_What you should do_: Write out all the entries word for word and omit any pictures.

##############################

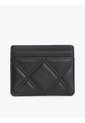 Tarjetero Negro TH Feminine Con Insignia Tommy Hilfiger de Tommy Hilfiger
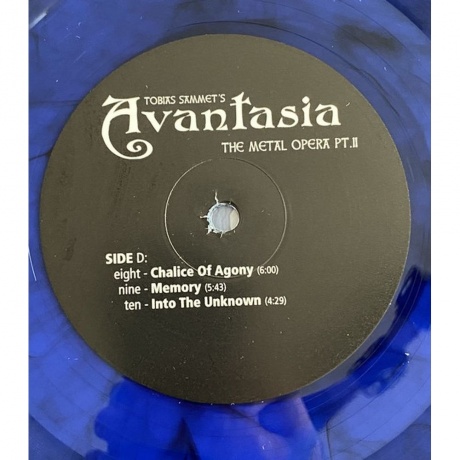 Avantasia - The Metal Opera (coloured) (0884860477017) виниловая пластинка - фото 8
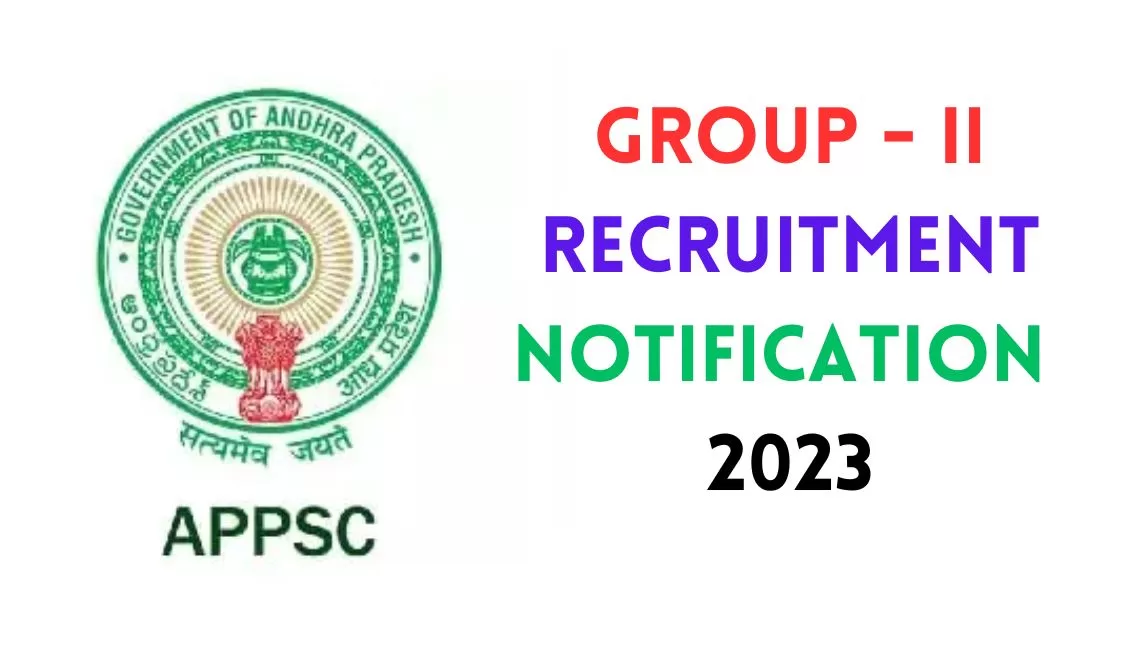 Appsc Group 2 Recruitment 2023 Notification Out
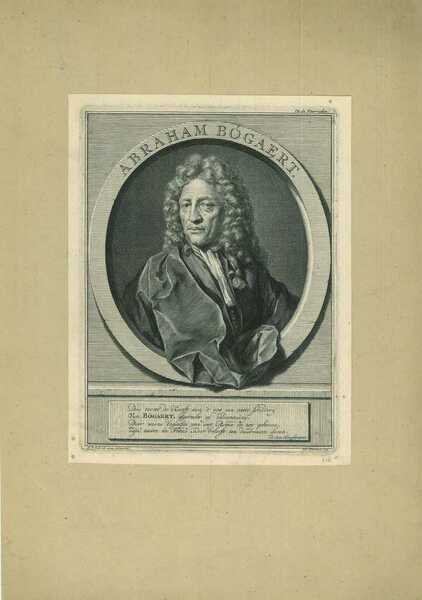 Portrait of Abraham Bogaert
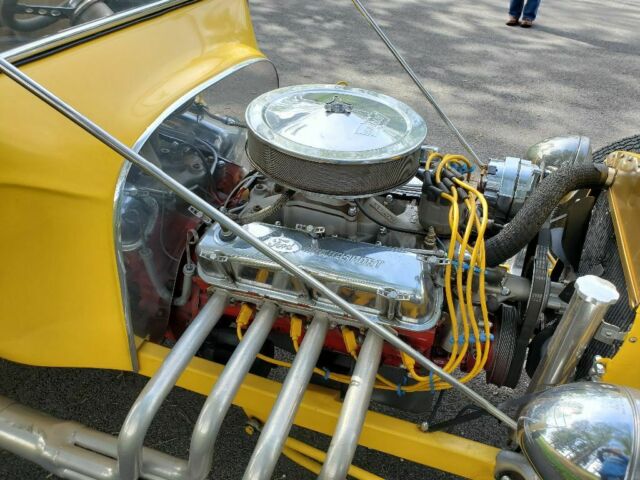 1923 Yellow Ford Other Convertible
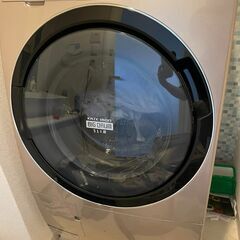 【譲ります】日立ドラム式洗濯乾燥機BD-S7400L（左右開き）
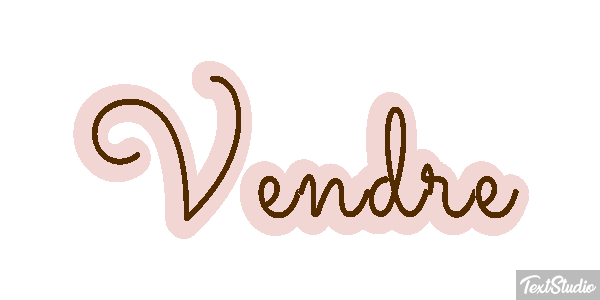 Vendre Effet de texte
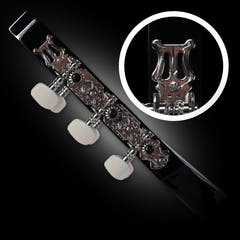 Suprimo CGS3 BK Guitarra clásica 4/4 – Set de iniciación negro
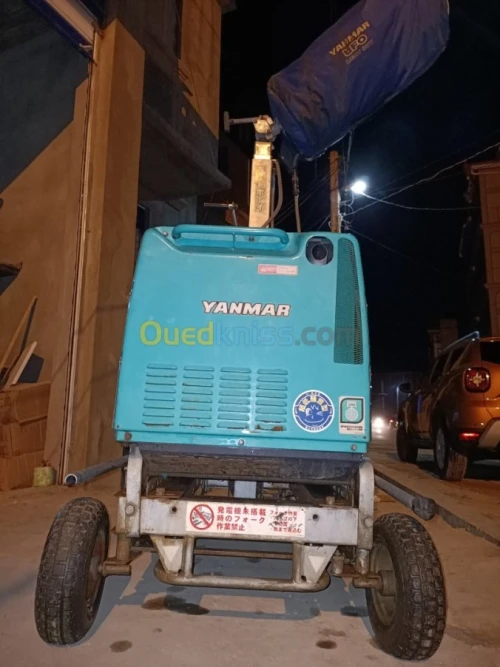 yanmar yDG 200vs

##############################

_The answer_:
 Tarjetero Negro TH Feminine Con Insignia Tommy Hilfiger de Tommy Hilfiger
 Avantasia - The Metal Opera (coloured) (0884860477017) виниловая пластинка - фото 8
 Appsc Group 2 Recruitment 2023 Notification Out
 Portrait of Abraham Bogaert
 1923 Yellow Ford Other Convertible
 【譲ります】日立ドラム式洗濯乾燥機BD-S7400L（左右開き）
 Vendre Effet de texte
 Suprimo CGS3 BK Guitarra clásica 4/4 – Set de iniciación negro
 yanmar yDG 200vs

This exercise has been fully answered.